You sum those together and you end up with 25 PSI back pressure at the flow rate you’re running. If your back pressure at that point and you put a hydraulic gradient in it, which is your friction drop per mile, and you look back the line to where the gradient goes over the high point.
If the pressure there is lower than vapor pressure, then you have to increase back pressure in your delivery facility. You can look at, “Do I want to do something like decrease the size of my tank farm piping so that I’ve got more back pressure in the facility?”
Or, the real common thing and the things that we do a lot of is you put a back pressure valve in which creates variable friction loss, so that you can run the line always in its optimal way. You don’t want to always be burning off 100 PSI through your facility. Sometimes you need 25 and sometimes you need 100.

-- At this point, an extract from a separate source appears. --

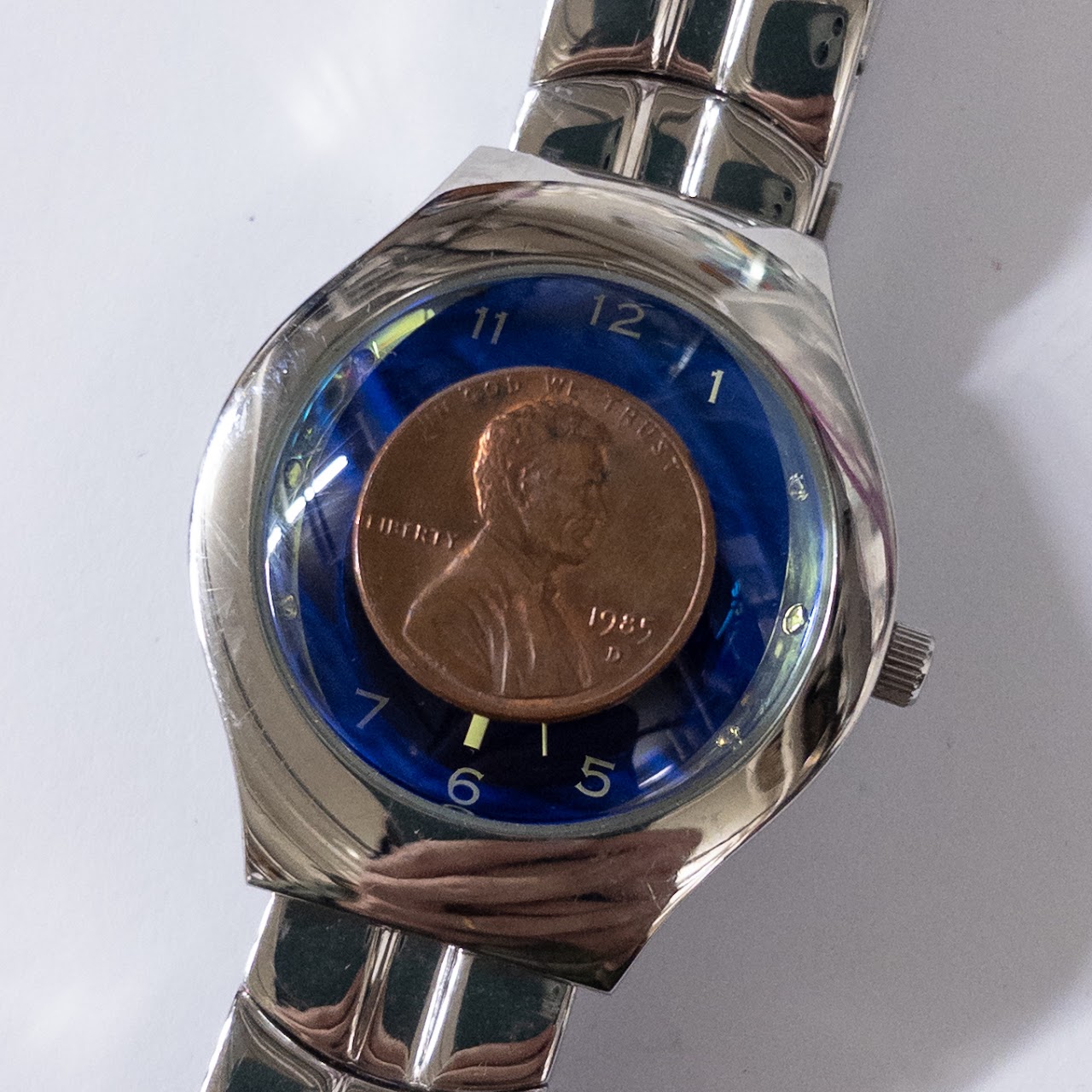 Android Stainless Steel Blue Dial Quartz Watch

Dan: We have some lines that keep about 40 to 50 pounds of back pressure. We’ve had lines that keep 400 pounds of back pressure in areas where the elevation profile is treacherous.

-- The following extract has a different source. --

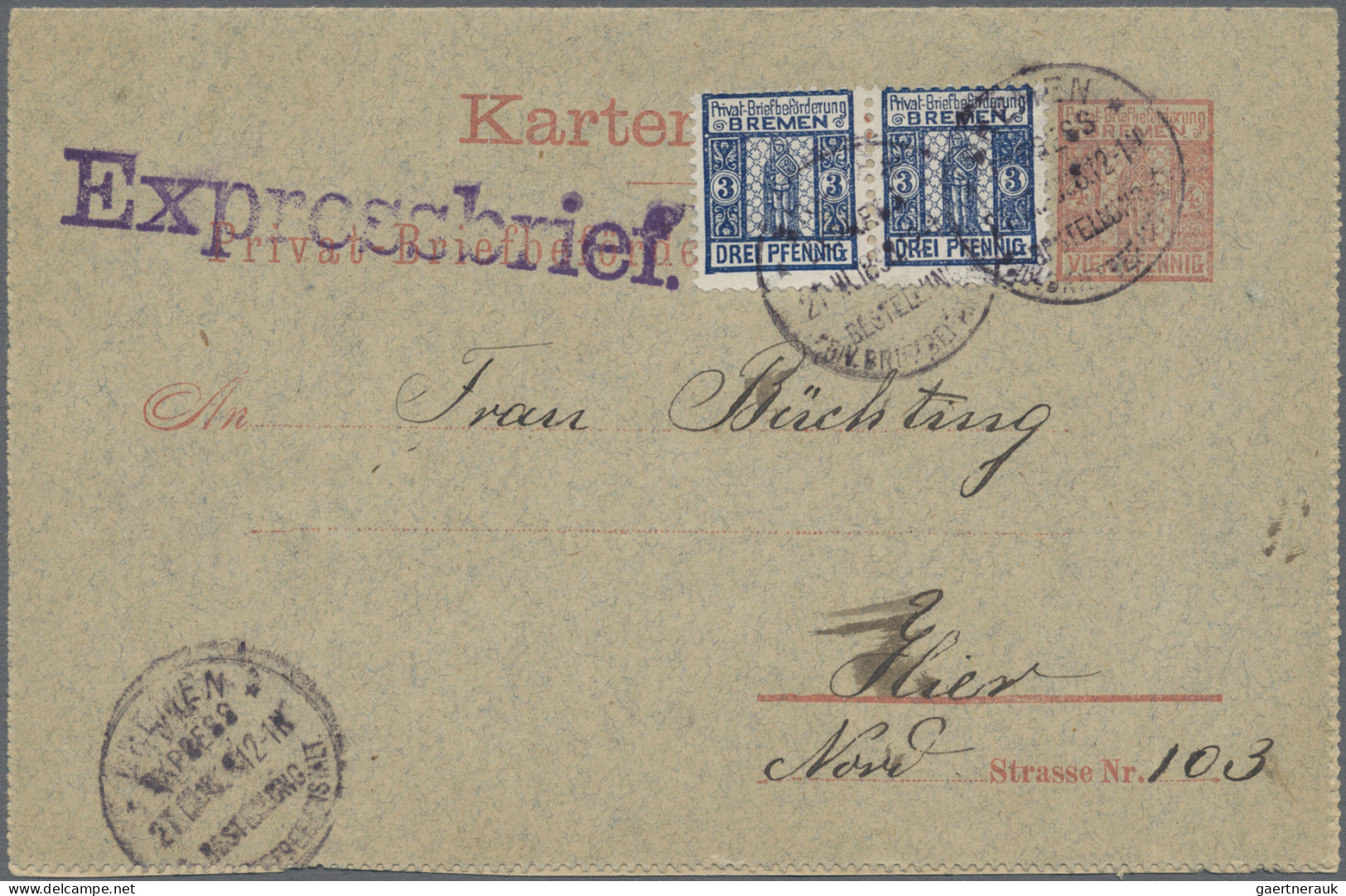 Deutsches Reich - Privatpost (Stadtpost): 1896, BREMEN/Privat-Beförderungsanstal - Privatpost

Russel: Right. This is one of those things. I say this all the time, but everything is easy until you know enough about it. This is one of those conversations where on the surface of it it seems pretty easy, but it gets real complex real quick as you start throwing in all the variables.
A simple illustration of this for listeners that might not have ever been exposed to this stuff that we’re talking about — this hydrology. If you think about a straw and I’m trying to move liquid through a straw. If I’ve got a mouthful of water and I’m blowing through a straw, if I put my finger over the end of the straw, I can blow real hard and I’m not going to get any fluid to come out.
If I remove it, it’s just going to come right out. If I take it and I just leave a little bit, I’m going to get a stream of water, and that water, if it’s a high enough pressure stream, is going to go to vapor pretty quickly or small droplets pretty quickly.
All of this conversation about slack line is managing that reality in hundreds of miles of pipe. It sounds simple if you say it quickly so don’t slow down.
[laughter]
Dan: Right, and we’ll say that nothing is ever empty. We talk about an empty pipe, well, that pipe may be full of air. We say a line goes slack. Okay, it’s empty at the top. Really, that’s a vapor pocket. All of those things have to be managed. It’s never empty, and air and vapor have to be managed very differently. It just makes our job fun.
Russel: Yeah, well, that’s right. Fun, that’s the perfect word. Let’s talk a little bit about normal startup and shutdown because those are the three key operating conditions you get concerned about around slack line.
Let’s give the listeners a definition of normal startup and shutdown and why slack line is a different consideration in those cases.
Dan: Honestly, it might be easier to start with shutdown because we don’t like to start up a line having been slack for any length of time due to leak detection purposes, and we can talk about that in a bit.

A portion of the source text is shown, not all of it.